Exercise objective | Leave the pictures in the listing below aside and reproduce exactly the lines starting with the one with "Bathroom cabinet with" and going on through the one with "Philipp Plein Skull&Bones", both ends included.
--- Records for the exercise Enclosed Below ---
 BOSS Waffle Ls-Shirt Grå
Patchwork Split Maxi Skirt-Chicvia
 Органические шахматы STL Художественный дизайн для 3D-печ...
--- End of Enclosed Records for the exercise ---
--- Records for the exercise Enclosed Below ---
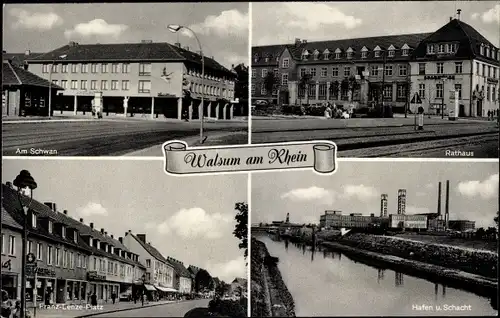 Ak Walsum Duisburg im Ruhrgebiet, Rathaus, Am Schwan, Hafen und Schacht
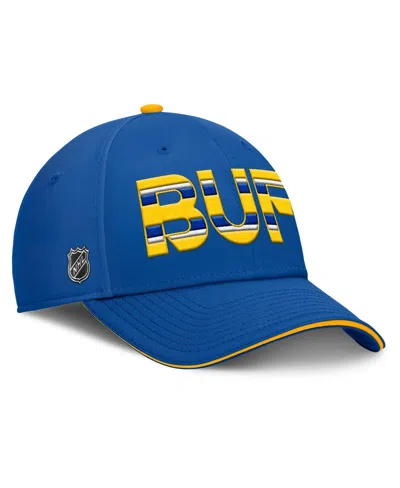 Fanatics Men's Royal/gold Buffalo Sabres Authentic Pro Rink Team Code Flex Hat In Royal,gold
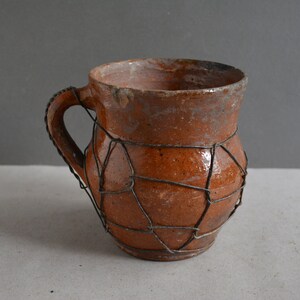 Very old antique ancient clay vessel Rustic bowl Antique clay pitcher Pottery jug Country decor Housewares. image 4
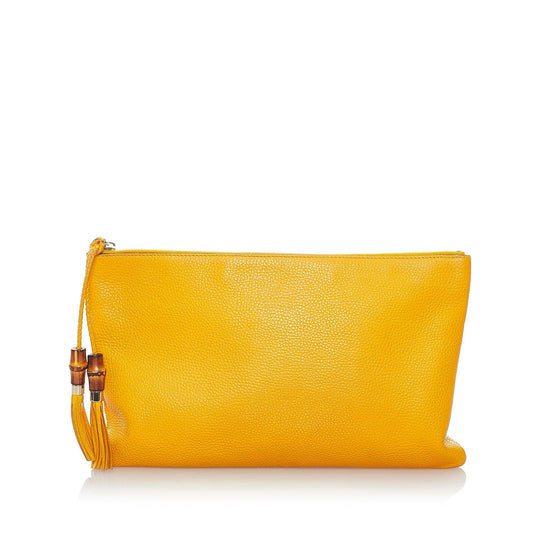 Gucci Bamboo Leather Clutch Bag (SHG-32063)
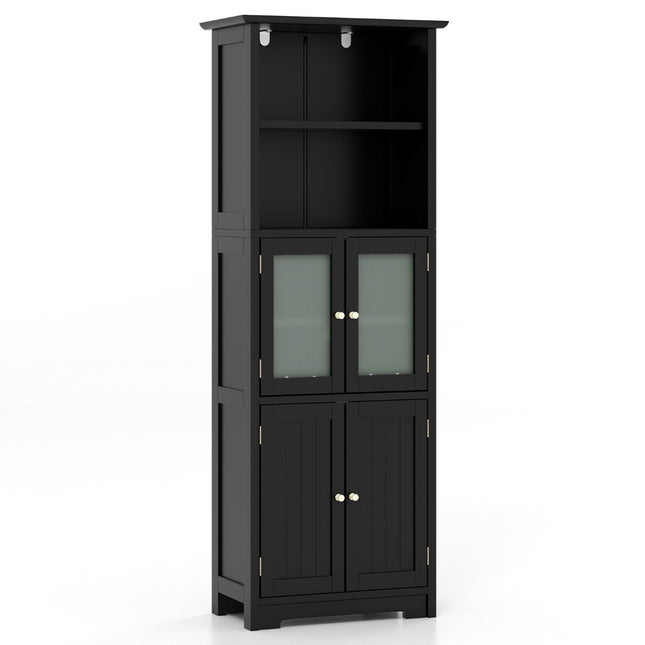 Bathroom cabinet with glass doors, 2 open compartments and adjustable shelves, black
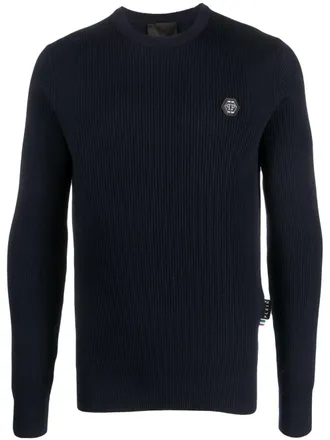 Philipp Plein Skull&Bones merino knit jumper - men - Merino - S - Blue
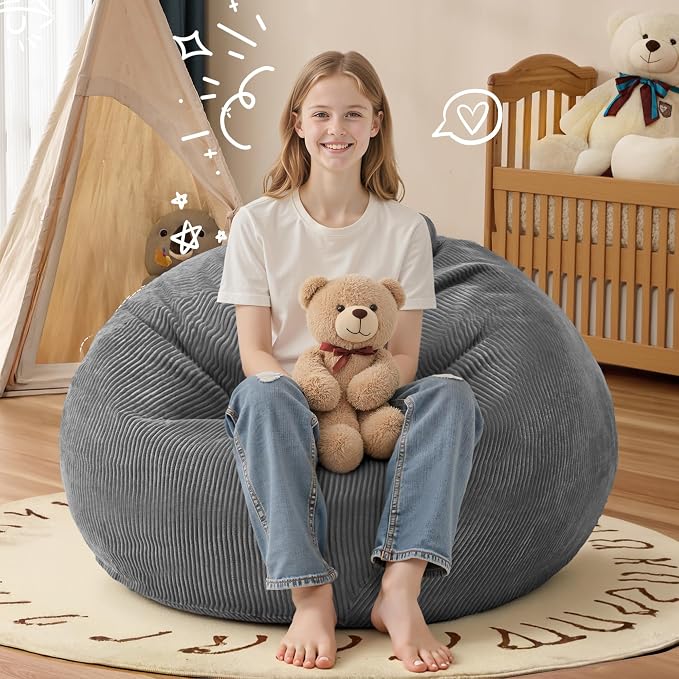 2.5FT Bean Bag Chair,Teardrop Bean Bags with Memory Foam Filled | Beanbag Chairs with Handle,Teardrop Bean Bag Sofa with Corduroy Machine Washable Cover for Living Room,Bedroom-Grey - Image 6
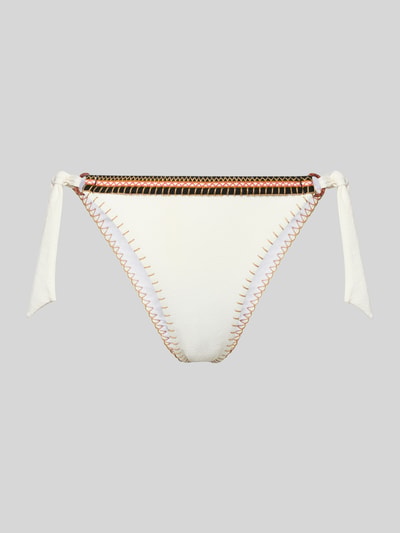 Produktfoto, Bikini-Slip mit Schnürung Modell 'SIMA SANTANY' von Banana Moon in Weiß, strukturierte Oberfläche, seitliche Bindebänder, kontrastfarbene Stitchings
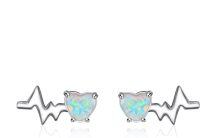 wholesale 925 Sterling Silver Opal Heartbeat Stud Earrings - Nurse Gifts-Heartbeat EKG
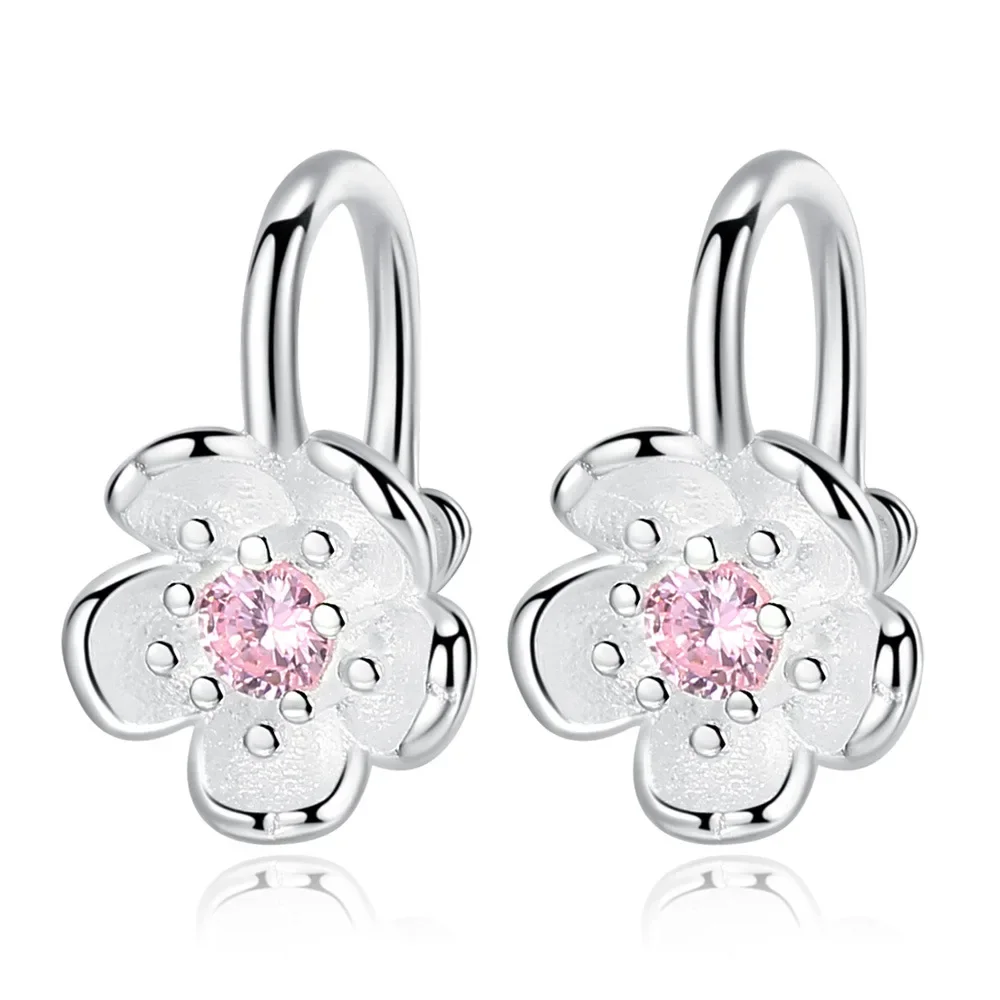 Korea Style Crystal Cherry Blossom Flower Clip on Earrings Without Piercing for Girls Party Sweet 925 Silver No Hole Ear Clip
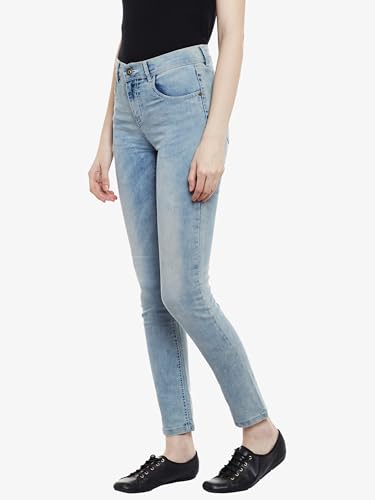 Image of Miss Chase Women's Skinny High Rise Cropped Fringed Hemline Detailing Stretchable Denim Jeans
--- End of Enclosed Records for the exercise ---
Result of the task |
 Bathroom cabinet with glass doors, 2 open compartments and adjustable shelves, black
 Philipp Plein Skull&Bones merino knit jumper - men - Merino - S - Blue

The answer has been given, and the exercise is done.